Returns bytes from executed command's stdout with maximum size max_size.

Blocks if no data present in stdout pipe yet. And returns as soon as data of any size is available.

Note that max_size is the maximum size of the returned data. But the returned data can be less than that depending on how the program flush the data etc.

Link to this function

read_any(process, size \\ 65535)

View Source
@spec read_any(t(), pos_integer()) ::
  {:ok, {:stdout, iodata()}}
  | {:ok, {:stderr, iodata()}}
  | :eof
  | {:error, any()}

Returns bytes from either stdout or stderr with maximum size max_size whichever is available at that time.

Blocks if no bytes are written to stdout or stderr yet. And returns as soon as data is available.

Note that max_size is the maximum size of the returned data.
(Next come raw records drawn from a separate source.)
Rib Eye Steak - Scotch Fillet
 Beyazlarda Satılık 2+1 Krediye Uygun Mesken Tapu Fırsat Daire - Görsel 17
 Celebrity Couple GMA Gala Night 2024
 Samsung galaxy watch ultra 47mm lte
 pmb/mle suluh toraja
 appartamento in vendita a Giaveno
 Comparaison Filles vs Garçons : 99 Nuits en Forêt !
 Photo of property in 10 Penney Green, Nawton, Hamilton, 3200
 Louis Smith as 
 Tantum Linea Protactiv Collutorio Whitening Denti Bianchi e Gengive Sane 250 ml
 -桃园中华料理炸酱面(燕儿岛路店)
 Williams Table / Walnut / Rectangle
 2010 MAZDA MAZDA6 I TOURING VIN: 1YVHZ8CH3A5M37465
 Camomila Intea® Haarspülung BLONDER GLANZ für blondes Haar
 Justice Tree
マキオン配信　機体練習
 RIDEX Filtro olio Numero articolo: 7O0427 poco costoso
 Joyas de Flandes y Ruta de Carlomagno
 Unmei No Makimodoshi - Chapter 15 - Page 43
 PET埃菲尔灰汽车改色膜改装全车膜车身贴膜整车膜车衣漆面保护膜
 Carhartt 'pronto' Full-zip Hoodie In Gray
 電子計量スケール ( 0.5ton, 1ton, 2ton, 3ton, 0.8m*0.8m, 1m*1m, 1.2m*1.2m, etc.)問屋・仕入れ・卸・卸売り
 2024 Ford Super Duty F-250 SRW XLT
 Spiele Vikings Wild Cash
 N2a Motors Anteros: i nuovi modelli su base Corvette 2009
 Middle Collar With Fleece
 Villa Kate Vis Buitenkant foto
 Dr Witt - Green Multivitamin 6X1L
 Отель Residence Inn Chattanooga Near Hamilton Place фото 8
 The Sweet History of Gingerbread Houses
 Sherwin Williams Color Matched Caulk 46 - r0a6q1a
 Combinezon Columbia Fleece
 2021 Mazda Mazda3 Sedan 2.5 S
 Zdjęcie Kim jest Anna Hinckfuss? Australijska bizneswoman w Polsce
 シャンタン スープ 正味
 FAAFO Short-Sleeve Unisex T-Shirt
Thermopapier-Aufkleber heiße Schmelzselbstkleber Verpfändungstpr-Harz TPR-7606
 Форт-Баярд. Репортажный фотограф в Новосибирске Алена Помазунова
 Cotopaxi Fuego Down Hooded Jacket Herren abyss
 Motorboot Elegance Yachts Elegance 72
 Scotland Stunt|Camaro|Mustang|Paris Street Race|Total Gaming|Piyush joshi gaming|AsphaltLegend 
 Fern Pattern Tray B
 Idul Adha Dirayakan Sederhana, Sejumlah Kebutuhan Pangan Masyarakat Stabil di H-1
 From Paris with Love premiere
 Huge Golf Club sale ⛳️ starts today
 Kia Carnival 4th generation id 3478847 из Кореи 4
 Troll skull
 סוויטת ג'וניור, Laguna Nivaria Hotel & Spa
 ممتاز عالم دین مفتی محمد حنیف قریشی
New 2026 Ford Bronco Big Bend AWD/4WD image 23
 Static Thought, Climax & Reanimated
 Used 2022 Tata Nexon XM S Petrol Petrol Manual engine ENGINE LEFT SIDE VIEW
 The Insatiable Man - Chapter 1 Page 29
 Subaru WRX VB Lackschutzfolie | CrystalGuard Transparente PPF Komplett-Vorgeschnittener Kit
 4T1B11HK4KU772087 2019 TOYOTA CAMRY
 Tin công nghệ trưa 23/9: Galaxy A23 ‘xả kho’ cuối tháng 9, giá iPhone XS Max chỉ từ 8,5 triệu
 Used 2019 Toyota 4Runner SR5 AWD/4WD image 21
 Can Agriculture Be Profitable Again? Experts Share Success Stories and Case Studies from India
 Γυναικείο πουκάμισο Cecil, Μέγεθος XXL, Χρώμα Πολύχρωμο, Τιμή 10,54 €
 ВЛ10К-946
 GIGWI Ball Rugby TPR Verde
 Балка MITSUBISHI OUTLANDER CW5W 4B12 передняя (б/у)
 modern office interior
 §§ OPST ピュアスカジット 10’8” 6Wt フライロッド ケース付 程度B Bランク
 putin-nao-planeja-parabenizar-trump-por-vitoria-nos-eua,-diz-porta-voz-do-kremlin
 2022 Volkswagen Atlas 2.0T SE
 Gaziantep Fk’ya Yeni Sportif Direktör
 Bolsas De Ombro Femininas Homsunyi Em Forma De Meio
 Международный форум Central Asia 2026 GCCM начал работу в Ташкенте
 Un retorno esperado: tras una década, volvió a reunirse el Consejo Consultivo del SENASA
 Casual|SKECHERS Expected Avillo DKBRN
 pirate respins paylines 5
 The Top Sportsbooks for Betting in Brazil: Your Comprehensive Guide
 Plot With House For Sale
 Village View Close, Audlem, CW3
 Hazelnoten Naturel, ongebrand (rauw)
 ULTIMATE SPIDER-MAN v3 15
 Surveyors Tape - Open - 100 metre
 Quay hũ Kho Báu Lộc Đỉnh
But the returned data can be less than that depending on how the program flush the data etc.

Link to this function

read_stderr(process, size \\ 65535)

View Source
@spec read_stderr(t(), pos_integer()) :: {:ok, iodata()} | :eof | {:error, any()}

Returns bytes from executed command's stderr with maximum size max_size. Pipe must be enabled with stderr: :consume to read the data.

Blocks if no bytes are written to stderr yet. And returns as soon as bytes are available

Note that max_size is the maximum size of the returned data. But the returned data can be less than that depending on how the program flush the data etc.

Link to this function

start_link(cmd_with_args, opts \\ [])

View Source
@spec start_link([String.t(), ...],
  cd: String.t(),
  env: [{String.t(), String.t()}],
  stderr: :console | :disable | :stream
) :: {:ok, t()} | {:error, any()}

Starts Exile.Process server.

Starts external program using cmd_with_args with options opts

cmd_with_args must be a list containing command with arguments. example: ["cat", "file.txt"].

Options

  • cd - the directory to run the command in

  • env - a list of tuples containing environment key-value. These can be accessed in the external program

  • stderr - different ways to handle stderr stream.

    1. :console - stderr output is redirected to console (Default)
    2. :redirect_to_stdout - stderr output is redirected to stdout
    3. :disable - stderr output is redirected /dev/null suppressing all output
    4. :consume - connects stderr for the consumption. When set, the stderr output must be consumed to avoid external program from blocking.

    See :stderr for more details and issues associated with them

Caller of the process will be the owner owner of the Exile Process. And default owner of all opened pipes.

Please check module documentation for more details

@spec write(t(), binary()) :: :ok | {:error, any()}

Writes iodata data to external program's standard input pipe.

This call blocks when the pipe is full. Returns :ok when the complete data is written.